Les deux se précipitent sur la photo et se mette au boulot avec application.
Louis, on a encore de la chance, je crois, on voit le jouet, ou ce qui semble en être un, et la main de ce monstre. Vous appelez Farouk, qu’on sache s’ils avancent et on lui donne ce qu’on a. Idem pour Mathilde, je m’en charge !
Téléphone de l’accueil sur leur pote fixe, un livreur Uber Eat avec les sandwiches, merci Thomas qui n’oublie jamais qu’il faut manger. Elle descend payer et récupérer le paquet, regarde machinalement le parking pendant que le jeune livreur passe sa CB. Une grosse cylindrée se gare sur l’emplacement réservé POLICE.
Le type qui en descend est grand, autant que Persaud mais il est deux fois plus baraqué, un athlète, une montagne.
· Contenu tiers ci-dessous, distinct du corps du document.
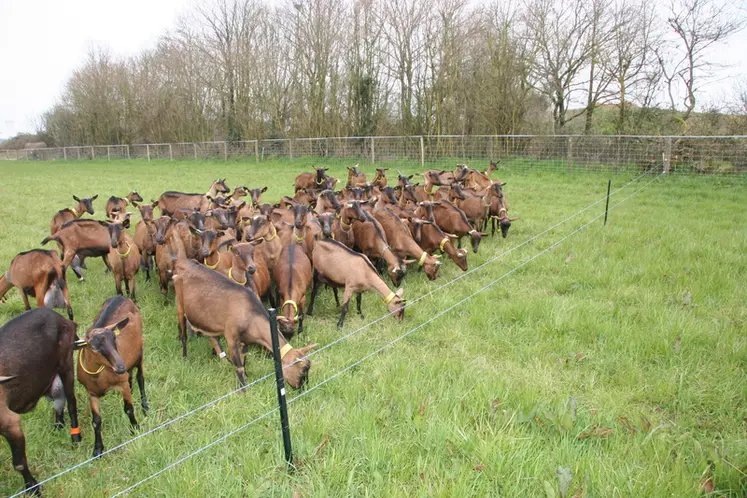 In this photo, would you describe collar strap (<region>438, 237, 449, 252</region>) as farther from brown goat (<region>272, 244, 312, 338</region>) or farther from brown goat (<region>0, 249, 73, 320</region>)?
brown goat (<region>0, 249, 73, 320</region>)

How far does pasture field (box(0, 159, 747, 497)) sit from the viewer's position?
2832 mm

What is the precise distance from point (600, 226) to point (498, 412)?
268 inches

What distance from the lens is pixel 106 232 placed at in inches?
276

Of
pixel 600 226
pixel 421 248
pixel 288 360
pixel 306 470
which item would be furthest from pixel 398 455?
pixel 600 226

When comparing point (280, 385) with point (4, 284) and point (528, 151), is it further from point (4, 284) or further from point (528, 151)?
point (528, 151)

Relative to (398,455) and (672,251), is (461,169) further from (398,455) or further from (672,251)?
(398,455)

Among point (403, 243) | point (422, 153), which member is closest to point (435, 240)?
point (403, 243)

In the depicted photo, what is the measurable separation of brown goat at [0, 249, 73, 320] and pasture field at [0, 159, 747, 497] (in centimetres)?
42

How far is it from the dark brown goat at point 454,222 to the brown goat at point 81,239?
532 centimetres

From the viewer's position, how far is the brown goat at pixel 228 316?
13.0ft

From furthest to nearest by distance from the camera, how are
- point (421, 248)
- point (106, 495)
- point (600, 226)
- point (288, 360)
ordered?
point (600, 226) → point (421, 248) → point (288, 360) → point (106, 495)

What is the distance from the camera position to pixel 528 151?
1728 centimetres

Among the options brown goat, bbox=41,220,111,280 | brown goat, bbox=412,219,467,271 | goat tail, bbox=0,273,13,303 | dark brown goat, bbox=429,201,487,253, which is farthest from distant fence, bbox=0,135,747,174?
goat tail, bbox=0,273,13,303

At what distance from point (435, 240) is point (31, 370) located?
5556mm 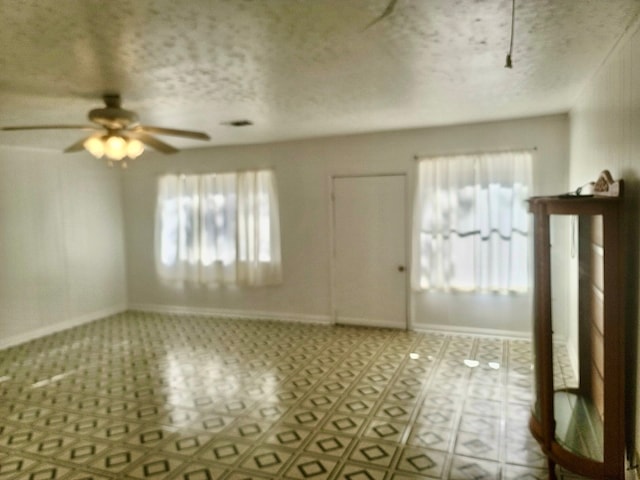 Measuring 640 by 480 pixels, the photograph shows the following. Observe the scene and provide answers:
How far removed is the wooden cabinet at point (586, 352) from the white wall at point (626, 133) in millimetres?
139

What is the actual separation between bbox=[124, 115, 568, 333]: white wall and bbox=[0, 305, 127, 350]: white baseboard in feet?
1.31

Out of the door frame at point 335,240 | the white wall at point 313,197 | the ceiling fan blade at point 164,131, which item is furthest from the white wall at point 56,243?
the door frame at point 335,240

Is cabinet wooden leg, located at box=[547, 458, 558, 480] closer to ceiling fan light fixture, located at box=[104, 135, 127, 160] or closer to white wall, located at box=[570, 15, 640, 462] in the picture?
white wall, located at box=[570, 15, 640, 462]

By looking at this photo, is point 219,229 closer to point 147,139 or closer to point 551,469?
point 147,139

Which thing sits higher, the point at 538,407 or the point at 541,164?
the point at 541,164

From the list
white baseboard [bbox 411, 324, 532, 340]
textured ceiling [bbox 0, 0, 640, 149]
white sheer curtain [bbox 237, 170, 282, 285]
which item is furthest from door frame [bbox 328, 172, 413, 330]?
textured ceiling [bbox 0, 0, 640, 149]

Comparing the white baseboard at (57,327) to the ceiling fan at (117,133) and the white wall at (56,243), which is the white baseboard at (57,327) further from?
the ceiling fan at (117,133)

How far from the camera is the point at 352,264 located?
5781 mm

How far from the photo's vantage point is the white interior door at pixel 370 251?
18.1 feet

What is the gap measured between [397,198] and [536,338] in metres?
3.16

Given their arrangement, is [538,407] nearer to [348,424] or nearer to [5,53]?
[348,424]

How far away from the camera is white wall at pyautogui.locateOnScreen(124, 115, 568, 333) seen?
16.2ft

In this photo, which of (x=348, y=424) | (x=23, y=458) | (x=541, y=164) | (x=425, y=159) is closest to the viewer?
(x=23, y=458)

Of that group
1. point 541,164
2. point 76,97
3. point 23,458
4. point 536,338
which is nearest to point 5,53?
point 76,97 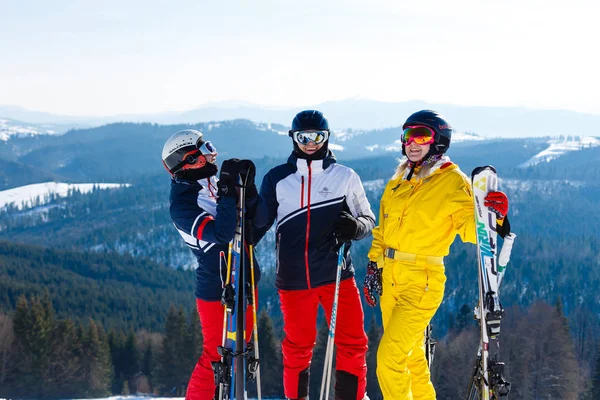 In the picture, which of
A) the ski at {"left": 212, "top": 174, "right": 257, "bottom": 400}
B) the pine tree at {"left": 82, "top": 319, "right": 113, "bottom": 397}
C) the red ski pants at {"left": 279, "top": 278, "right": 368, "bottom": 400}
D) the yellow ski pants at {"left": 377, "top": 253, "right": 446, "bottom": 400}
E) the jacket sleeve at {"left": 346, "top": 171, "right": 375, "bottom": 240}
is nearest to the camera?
the yellow ski pants at {"left": 377, "top": 253, "right": 446, "bottom": 400}

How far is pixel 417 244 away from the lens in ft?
15.5

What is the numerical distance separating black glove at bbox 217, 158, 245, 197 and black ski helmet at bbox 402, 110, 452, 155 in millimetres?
1559

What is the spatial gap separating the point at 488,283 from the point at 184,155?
Result: 2935mm

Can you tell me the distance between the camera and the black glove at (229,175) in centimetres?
458

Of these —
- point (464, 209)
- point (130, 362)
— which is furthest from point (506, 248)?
point (130, 362)

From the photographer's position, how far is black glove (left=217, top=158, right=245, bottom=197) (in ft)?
15.0

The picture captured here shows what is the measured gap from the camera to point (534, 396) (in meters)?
42.1

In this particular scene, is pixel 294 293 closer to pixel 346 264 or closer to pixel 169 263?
pixel 346 264

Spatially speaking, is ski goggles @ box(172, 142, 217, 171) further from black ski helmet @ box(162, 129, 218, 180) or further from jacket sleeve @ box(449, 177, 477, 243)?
jacket sleeve @ box(449, 177, 477, 243)

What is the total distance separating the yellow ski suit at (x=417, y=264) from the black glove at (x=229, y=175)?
1.46m

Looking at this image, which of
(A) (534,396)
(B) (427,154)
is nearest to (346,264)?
(B) (427,154)

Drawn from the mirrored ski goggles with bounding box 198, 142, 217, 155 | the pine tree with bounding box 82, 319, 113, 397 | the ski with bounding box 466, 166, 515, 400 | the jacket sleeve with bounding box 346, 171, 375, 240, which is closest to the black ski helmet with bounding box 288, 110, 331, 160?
the jacket sleeve with bounding box 346, 171, 375, 240

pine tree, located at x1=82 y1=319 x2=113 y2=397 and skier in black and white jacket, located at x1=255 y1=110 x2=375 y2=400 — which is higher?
skier in black and white jacket, located at x1=255 y1=110 x2=375 y2=400

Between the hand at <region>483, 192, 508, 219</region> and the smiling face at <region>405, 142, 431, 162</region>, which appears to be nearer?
the hand at <region>483, 192, 508, 219</region> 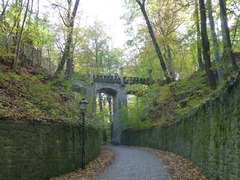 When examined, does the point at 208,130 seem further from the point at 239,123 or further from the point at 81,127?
the point at 81,127

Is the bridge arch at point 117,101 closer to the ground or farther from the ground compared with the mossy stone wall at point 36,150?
farther from the ground

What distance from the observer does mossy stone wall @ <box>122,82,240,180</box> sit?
14.7 ft

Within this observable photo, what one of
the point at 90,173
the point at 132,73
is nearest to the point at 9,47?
the point at 90,173

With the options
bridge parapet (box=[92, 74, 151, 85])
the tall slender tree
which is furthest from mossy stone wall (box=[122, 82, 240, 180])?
bridge parapet (box=[92, 74, 151, 85])

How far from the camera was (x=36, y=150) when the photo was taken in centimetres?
677

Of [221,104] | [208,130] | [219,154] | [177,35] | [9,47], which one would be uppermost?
[177,35]

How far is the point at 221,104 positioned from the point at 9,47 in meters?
8.21

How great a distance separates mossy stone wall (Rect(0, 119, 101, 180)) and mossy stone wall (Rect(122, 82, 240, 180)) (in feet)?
13.9

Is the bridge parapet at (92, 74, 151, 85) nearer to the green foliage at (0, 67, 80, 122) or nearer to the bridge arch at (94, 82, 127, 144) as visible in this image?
the bridge arch at (94, 82, 127, 144)

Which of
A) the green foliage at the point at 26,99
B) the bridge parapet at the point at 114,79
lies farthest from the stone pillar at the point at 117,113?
the green foliage at the point at 26,99

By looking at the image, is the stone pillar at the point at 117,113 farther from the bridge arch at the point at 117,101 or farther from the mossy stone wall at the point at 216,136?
the mossy stone wall at the point at 216,136

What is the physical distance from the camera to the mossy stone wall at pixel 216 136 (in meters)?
4.49

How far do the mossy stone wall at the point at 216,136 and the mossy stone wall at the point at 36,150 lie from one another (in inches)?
167

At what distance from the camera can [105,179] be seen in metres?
7.45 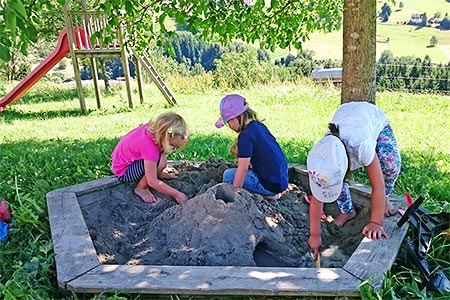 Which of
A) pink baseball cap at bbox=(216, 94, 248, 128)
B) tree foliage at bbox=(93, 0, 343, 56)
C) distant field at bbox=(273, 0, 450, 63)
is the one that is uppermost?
tree foliage at bbox=(93, 0, 343, 56)

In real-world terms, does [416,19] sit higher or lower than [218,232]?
higher

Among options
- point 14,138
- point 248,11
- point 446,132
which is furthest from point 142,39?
point 446,132

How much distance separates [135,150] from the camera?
373 centimetres

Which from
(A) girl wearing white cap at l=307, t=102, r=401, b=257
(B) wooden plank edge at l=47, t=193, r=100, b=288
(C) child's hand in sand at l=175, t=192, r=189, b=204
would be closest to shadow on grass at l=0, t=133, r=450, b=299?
(B) wooden plank edge at l=47, t=193, r=100, b=288

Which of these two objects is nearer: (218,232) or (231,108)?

Casque noir, gants noirs, bottes de motard, c’est le portrait robot de leur troisième homme, l’introuvable. Elle n’en revient pas, reprend sa carte à toute vitesse, monte les escaliers comme une dératée, déboule dans le bureau en jetant le sac du déjeuner sur une table « Notre troisième homme, le motard hyper baraqué, il est en bas, dans le parking des flics ».
Elle tombe nez à nez avec papi Panda.
- Moi, j’ai une bonne nouvelle capitaine, votre cinquième homme, hé bien ! Il est arrivé ! Et plus vite que prévu, finalement ! Je vais le recevoir d’abord et après il viendra se présenter à vous et au groupe ; d’accord ?!
- Ok, patron, mais…Elle ne finit pas sa phrase, le type, l’armoire à glace est là, à la porte de leur bureau, son casque à la main et papi Panda se précipite main tendue et tout sourire dehors.
- Capitaine Balitran, bienvenue, allons dans mon bureau et après vous présenterez au groupe sous la houlette de votre chef, la capitaine Péron.
Ils disparaissent dans le bureau du commissaire en fermant la porte derrière eux.